There might be some things I would like even more than being human. It would fit with the model of progress that humanists usually embrace, if that were to be the case. However, being a rotting corpse is certainly not one of those things. Being dead is a form of irreversible regression and decay.
About the only positive thing about being dead is the lack of capacity for suffering. That is because the mechanisms for suffering are destroyed. But the mechanisms for joy are also destroyed in the process. Ultimately, it is a greater negative than it is a positive.
"Religious and secular humanists of all creeds, whatever they believe about God and the afterlife, reason and revelation, or the ability of science and technology to improve human life, should all start with an attitude of gratitude for and acceptance of, not resentfulness and bitterness toward, the wondrousness and beauty of human nature."
Beautiful. Thank you.
"Human nature is not perfect…"
Why not? What else could it be?(to the atheist, physicalist, secularist)
"…the resentful attitude toward our nature that is so characteristic of transhumanists is no way to live a happy fulfilled life."
"…creeds …should all start with an attitude of gratitude for and acceptance of, not resentfulness and bitterness toward, the wondrousness and beauty of human nature."
Would be great, but some creeds, by logical necessity, reject any wonder or beauty in human nature.
A quick reply to your comments, jweaks:
I think that both religious and non-religious people can recognize that human nature is not quite perfect. From a religious perspective, it is obvious that humans are less perfect than God. From a secular perspective, we can note that human physiology is less perfect than we might imagine it could be.

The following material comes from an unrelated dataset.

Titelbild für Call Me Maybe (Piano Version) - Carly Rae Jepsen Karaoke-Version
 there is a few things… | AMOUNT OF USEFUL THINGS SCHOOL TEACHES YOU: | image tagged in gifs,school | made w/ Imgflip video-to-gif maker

Bioethicist Allen Buchanan points out that evolution has left us with a few instances of “sub-optimal design,” like the inability of humans (unlike most other mammals) to synthesize vitamin C. If our bodies could synthesize vitamin C, that would be all the better for us, and our inability to do so is a simple illustration of the fact that our bodies are not quite perfect. But, of course, instead of feeling resentful about this fact or embarking on a dangerous, costly, and difficult scheme to genetically re-engineer the human body to correct this flaw, we ought to just get over it and drink some orange juice.

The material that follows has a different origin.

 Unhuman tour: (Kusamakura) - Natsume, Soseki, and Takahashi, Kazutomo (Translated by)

It is true that the transhumanists tend to reject the idea of wonder and beauty in nature and human nature, but not, I think, out of a logical necessity so much as out of the disposition that many transhumanists happen to have. If you mean that the creed of science rejects wonder and beauty in human nature, I would say that there are many perfectly good scientists who are filled with a sense of wonder and an appreciation for the beauty of human and non-human nature.
The great Peter Lawler has a nice post on Istvan, atheism, and transhumanism (focusing just on immortality), over on Lawler's own blog.
When it comes to transhumanism, there is nothing to fear but fear itself.